We might not expect perfection in ourselves — we are merely human — but the greater the cost, the more we tend to be scrupulous with what we give ourselves to. We’re not fickle; we just know what we want. Our time and devotion are investments with personal cost and we don’t want to bet on the wrong horse or throw away our shot.

Talking about the search for perfection during a global pandemic, when life as we know it has been so fundamentally disrupted, may seem like the least of our worries. But it is precisely when our most cherished beliefs are threatened and utterly impossible that they should be reevaluated. When life was normal, catering to our precise expectations seemed both attainable and laudable. But on the other side of the pandemic, our present suffering (to varying degrees) reveals just how needless such pursuits really were.

While the abundance of alternatives might inhibit our decision-making, the expectation of perfection dooms the whole enterprise.

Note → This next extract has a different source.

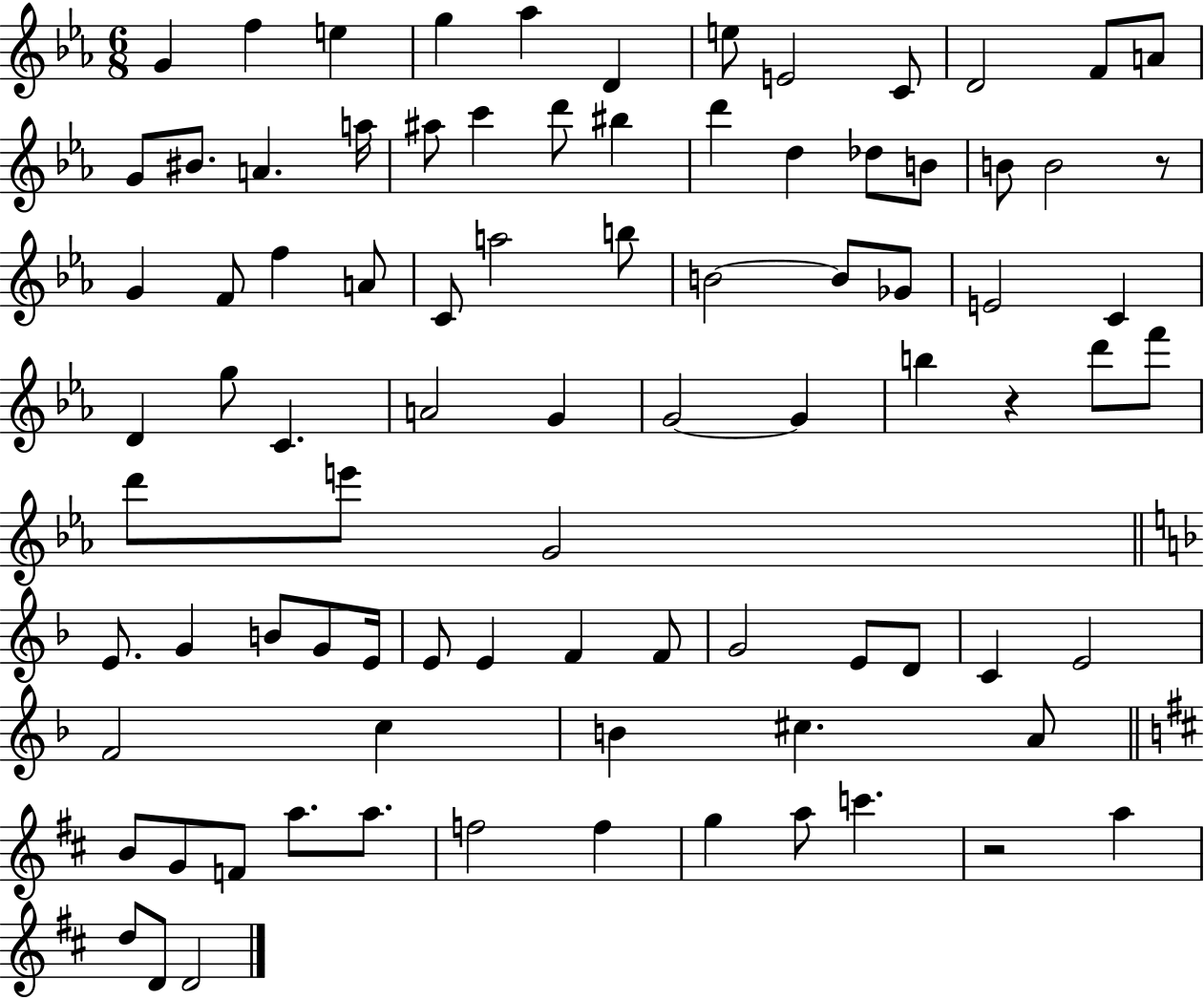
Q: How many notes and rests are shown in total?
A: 87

We probably withhold our proverbial votes out of fear of disappointment or an honest desire for the best outcome, but the very idealized hopes we hold ensure the disappointments we fear will come to fruition. Why would you ever settle for second-best when the ideal is within reach? Better to hold out just a little bit longer; perhaps something better will come along.

I’m always struck by how careless Jesus was when it came to choosing his disciples. The scales with which we measure perfection are not God’s. He didn’t seem to have any strategy, and the stories look a little haphazard in retrospect. He didn’t have an HR department, background checks, or any vetting process to speak of. He didn’t thoroughly scan the hills of Galilee to find the best candidates or ask an algorithm for the best matches. The twelve simply seemed to have the fortune of being in the right place at the right time.

The ideal disciple didn’t exist, so really anyone would fit the bill. When these followers began to second guess Jesus or openly complain about his decisions, it didn’t seem to bother Jesus. He knew what he was getting, of course.

Amid a multitude of possibilities, we tend to believe our choices exist on a spectrum of perfection, somewhere between inadequate and ideal, wisdom and foolishness. We calculate and strategize. But the measure we use is the same by which we will be measured (Lk 6:38). If you ever find that perfect pizza slice, the line to order is ridiculously long. The perfect home is out of your price range. If you do find your ideal soulmate, they won’t give you a second date. If the perfect church does exist, its doors are locked and you don’t know the password.

The economy of grace does not simply fill up what is lacking, or compensate for our imperfections. It upends the very notion of perfection and the standards by which we measure. Grace is indiscriminate in ways that look imprudent and reckless. God just isn’t hung up on perfection the way we are. To him all options are imperfect, if not risky. But in his hands, the imperfect becomes something else altogether. His workings might look like happenstance, but they’re never an accident.